Innovation Expert: Use IT to Disrupt, or Be Disrupted

By Baselinemag  |  Posted 2006-06-28 Print this article Print

Q&A: Harvard Business School professor Clayton Christensen handicaps the race for business advantage via technology.

Disruption in business is the focus of Harvard Business School professor Clayton Christensen, who has carried out groundbreaking research into how small, underestimated companies can disrupt and unseat established and seemingly invincible firms.

Christensen has raised flags of both warning and hope for big companies with books titled "The Innovator's Dilemma," "The Innovator's Solution" and "Seeing What's Next."

In addition, he is co-founder of Innosight, a management consulting and education company in Watertown, Mass. He also serves on the boards of directors of four companies, including India-based IT outsourcer Tata.

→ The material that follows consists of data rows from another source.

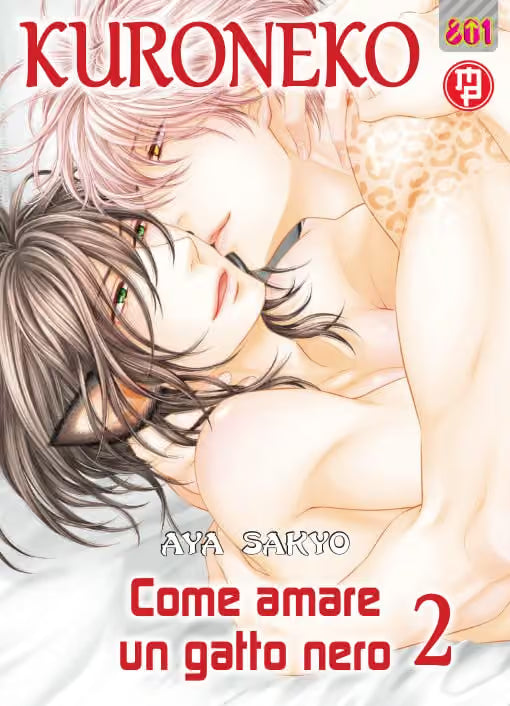 Copertina del secondo volume del manga Boys' Love 'Kuroneko - Come amare un gatto nero' di Aya Sakyo, edito da Magic Press, raffigurante Shingo con orecchie feline e Kagami abbracciati a letto.
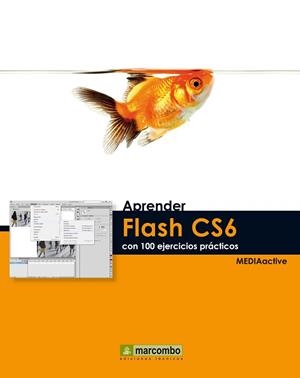APRENDER FLASH CS6 CON 100 EJERCICIOS PRÁCTICOS | 9788426718419 | MEDIAACTIVE | Llibreria Aqualata | Comprar llibres en català i castellà online | Comprar llibres Igualada
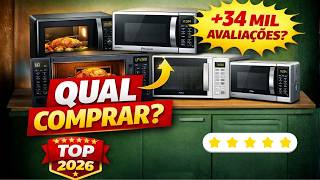 Qual Micro-ondas Comprar em 2026? 4 Modelos Que Valem Muito a Pena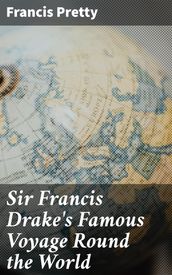 Sir Francis Drake s Famous Voyage Round the World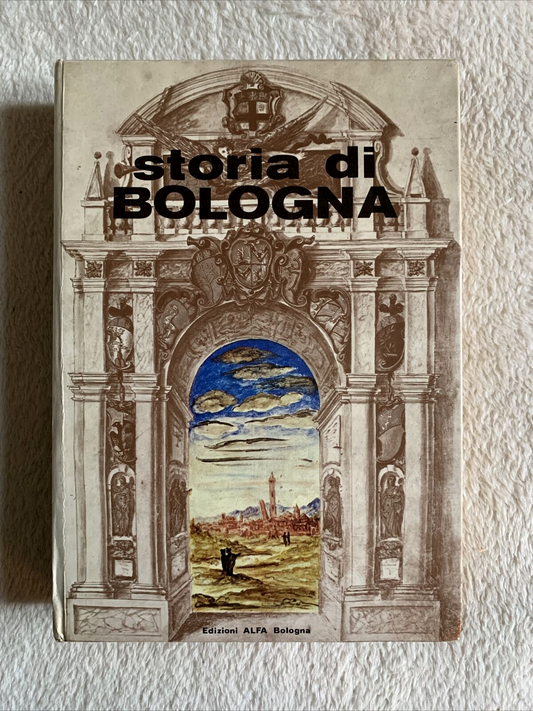 Storia di Bologna edizioni Alfa 1978 Giancarlo Roversi - Antonio Ferri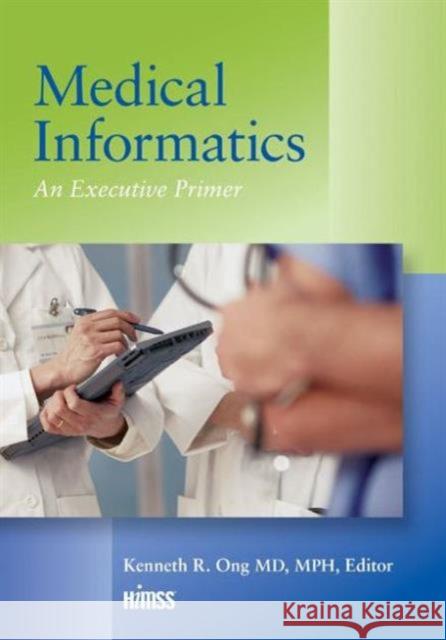 Medical Informatics: An Executive Primer, Third Edition Ken Ong 9781938904769 Himss Publishing - książka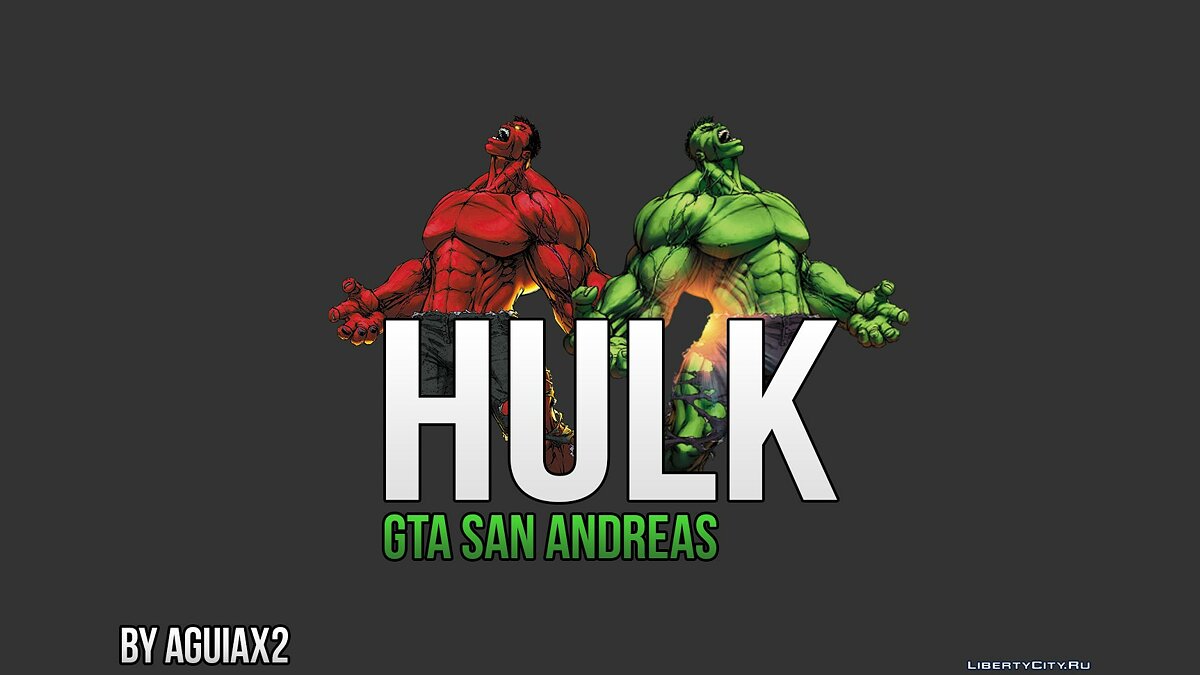 Скачать Hulk Mod v2.1 для GTA San Andreas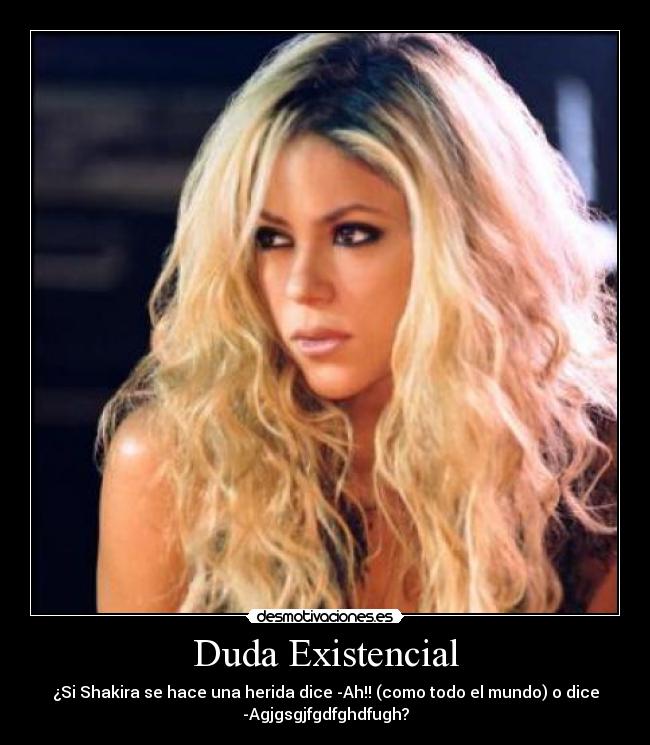 Duda Existencial - ¿Si Shakira se hace una herida dice -Ah!! (como todo el mundo) o dice
-Agjgsgjfgdfghdfugh?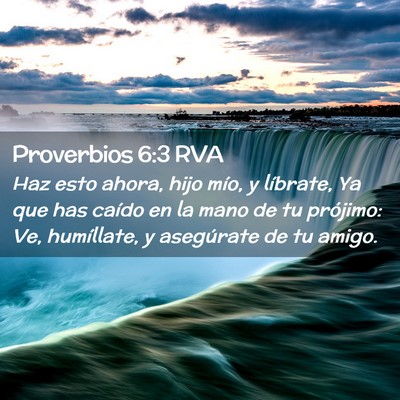 Picture 02 - Proverbios 6:3 RVA - Haz esto ahora, hijo mío, y líbrate, Ya que has - Bible Verse Picture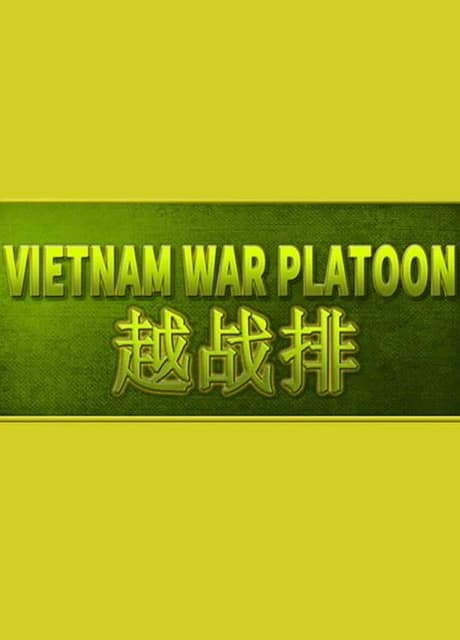 Vietnam War Platoon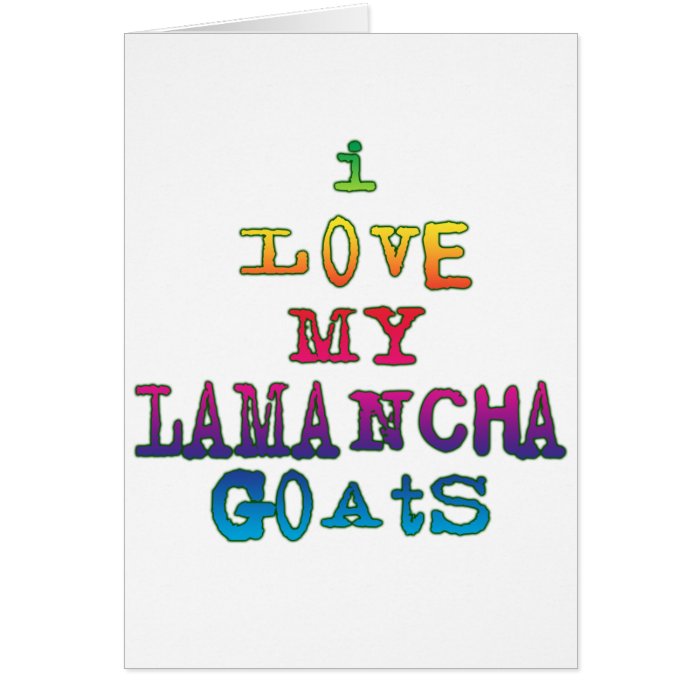 I Love My LaMancha Goats Greeting Cards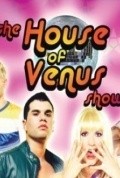 Фильм Дом Венеры  (сериал 2005 - ...) : актеры, трейлер и описание.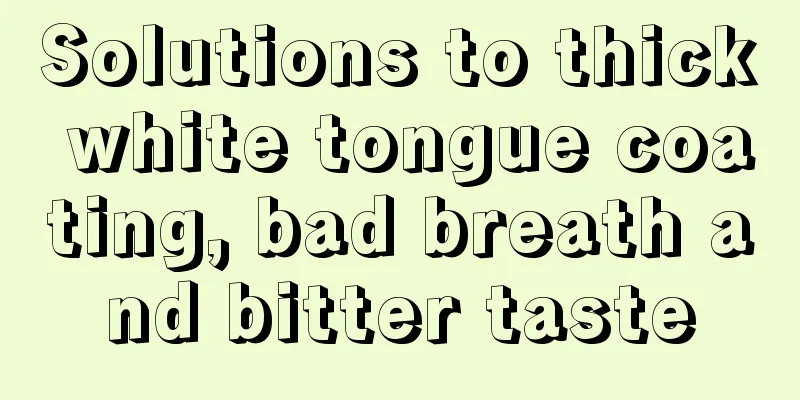 Solutions to thick white tongue coating, bad breath and bitter taste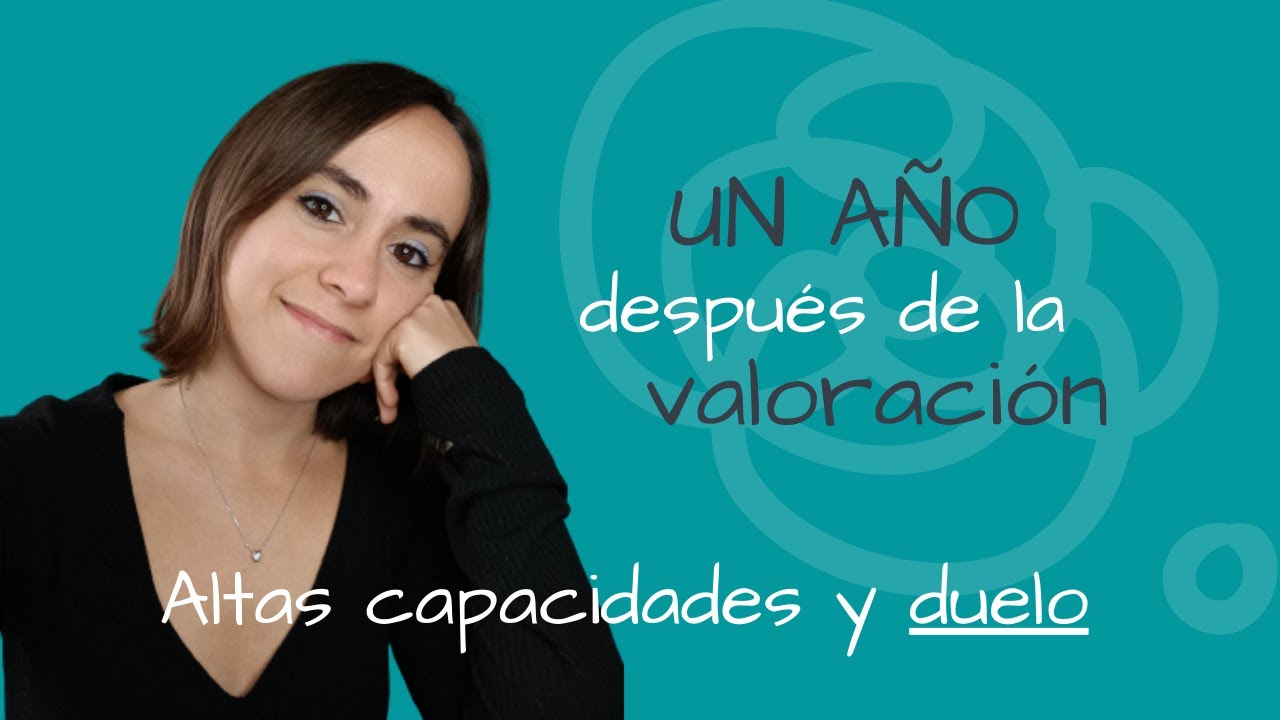 UN AÑO DESPUÉS de la valoración de ALTAS CAPACIDADES | Duelo parte 3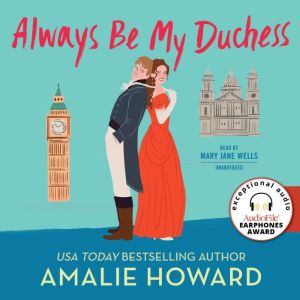 Always Be My Duchess, Amalie Howard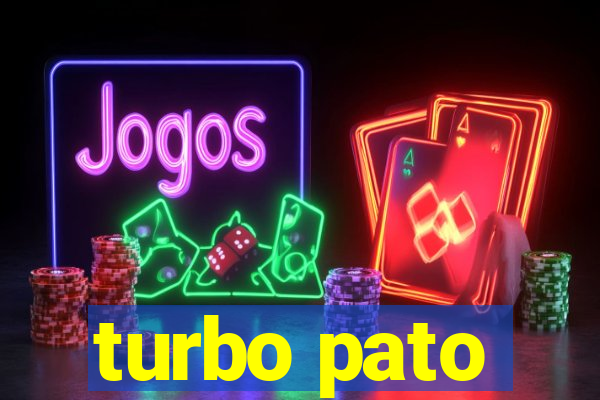 turbo pato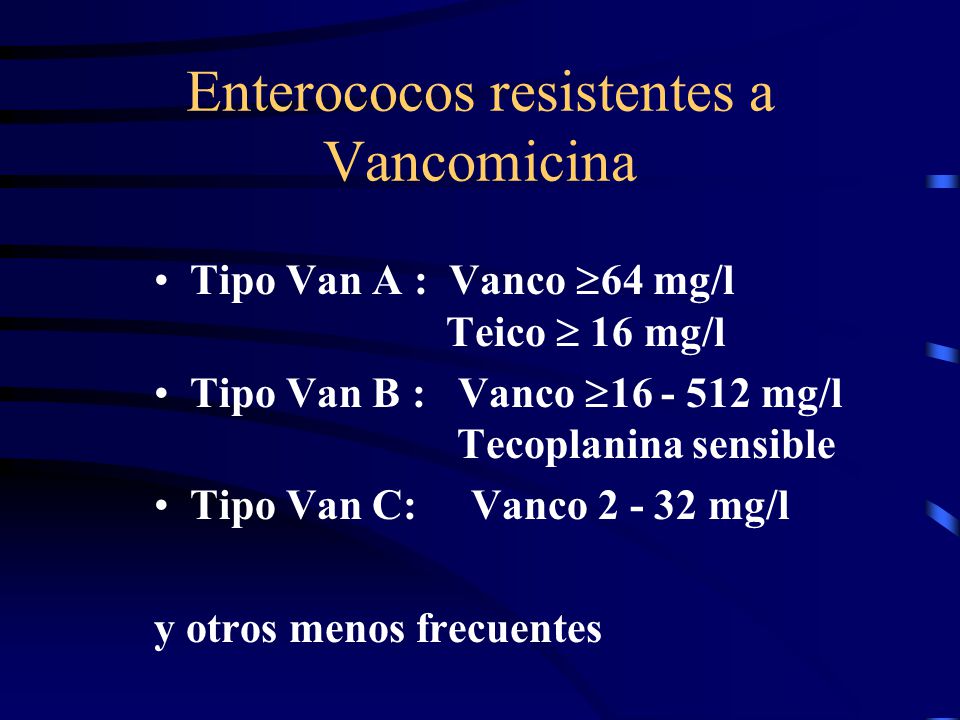 Enterococos resistentes a Vancomicina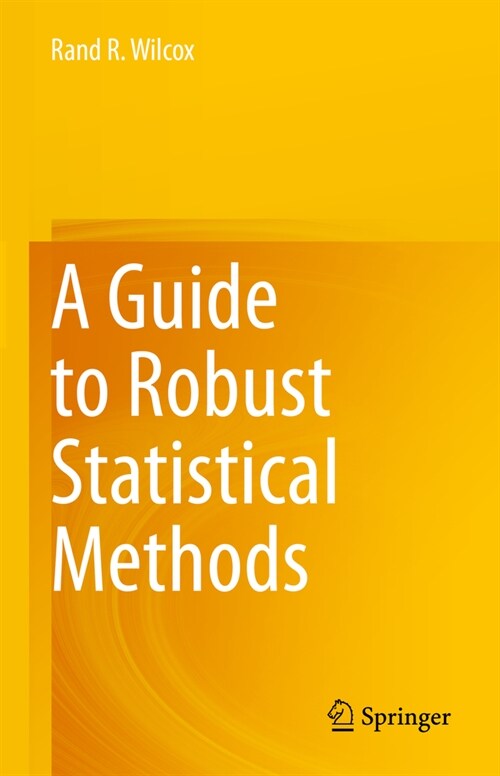 A Guide to Robust Statistical Methods (Hardcover, 2023)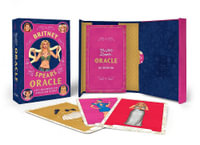 Britney Spears Oracle : A Deck and Guidebook to Be Stronger Than Yesterday - Kara Nesvig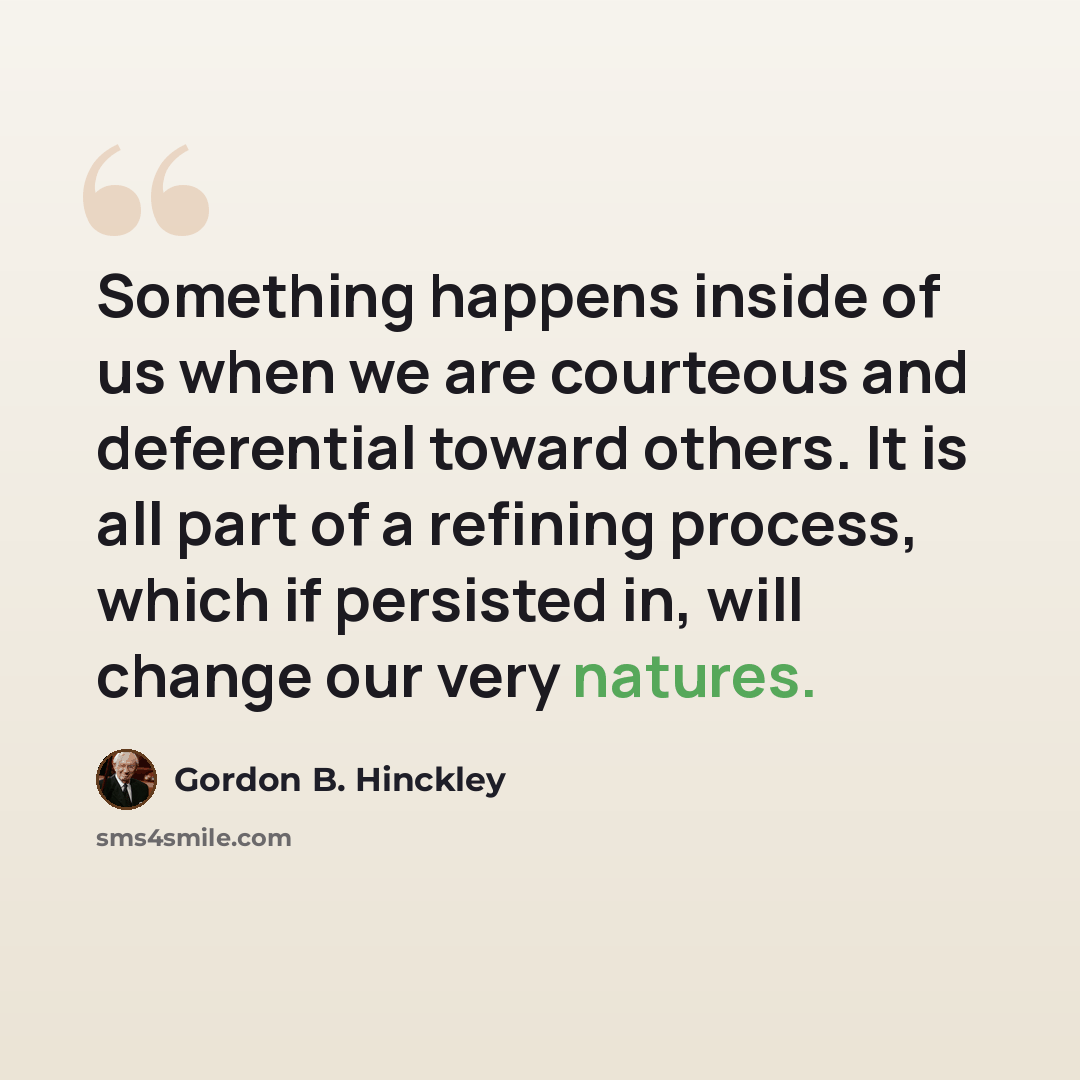 “Something happens inside of us when we are courteous and deferential toward others. It is all part of a refining process, which if persisted in, will change our very natures.” quote by Gordon B. Hinckley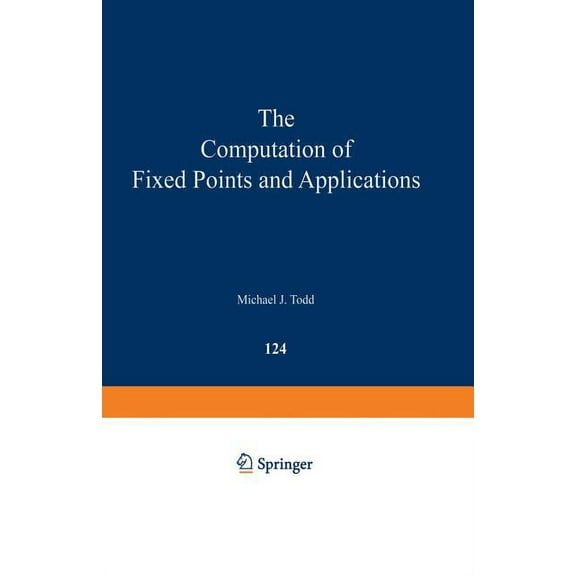 Lecture Notes in Economic and Mathematic The Computation of Fixed Points and Applications, Book 124, (Paperback)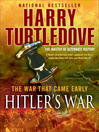 Hitler's War by Harry Turtledove
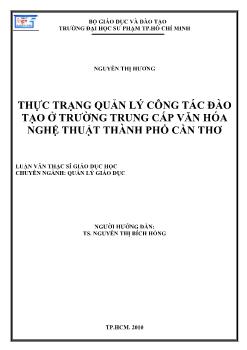 Luận văn Thực trạng quản lý công tác đào tạo ở trường trung cấp văn hóa nghệ thuật thành phố Cần Thơ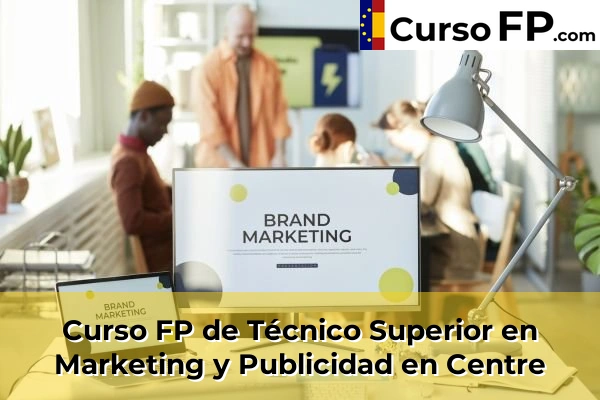 Curso FP de Técnico Superior en Marketing y Publicidad en la provincia de Barcelona 26 Curso FP de Técnico Superior en Marketing y Publicidad en Centre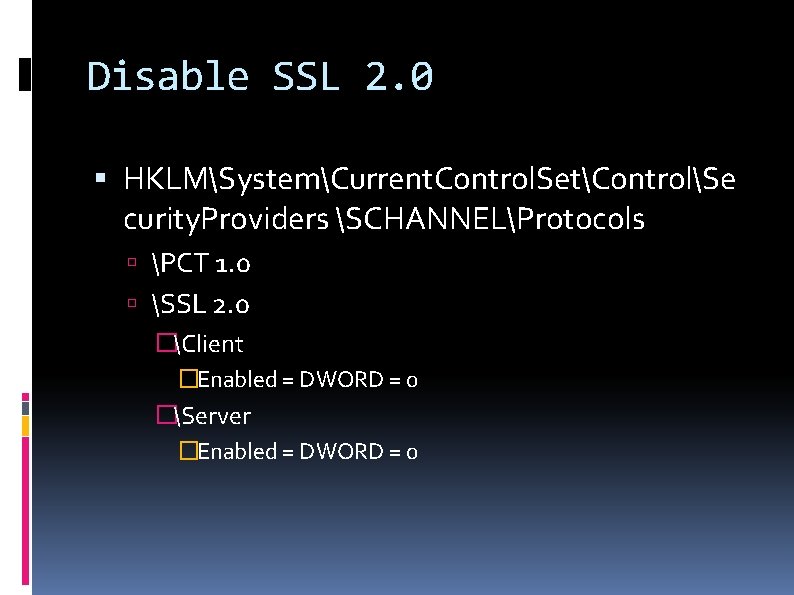 Disable SSL 2. 0 HKLMSystemCurrent. Control. SetControlSe curity. Providers SCHANNELProtocols PCT 1. 0 SSL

Consultancy Services and W.R. Hambrecht, which hosts online auctions of initial public offerings.

eWEEK Executive Editor Stan Gibson interviewed Christensen June 7 in Christensen's offices at Harvard Business School in Boston, where Christensen offered provocative insights on companies' use of IT to disrupt their competition.

Do you see any companies that are using IT to be disruptive?

That's how Wal-Mart has disrupted the full-service department stores. They manage the flow of inventory so that their turns are high.

In retailing, the way you make money is you have a gross margin, times inventory turns. So if the department stores turn their inventory over three times a year. In order to earn an adequate return, their gross margins have to be about 40 percent.

If you turn your inventory over six times per year, then your gross margins can be 20 percent and you'll earn an adequate return. It's key in the retail business to have that. I think they made very good investments that way.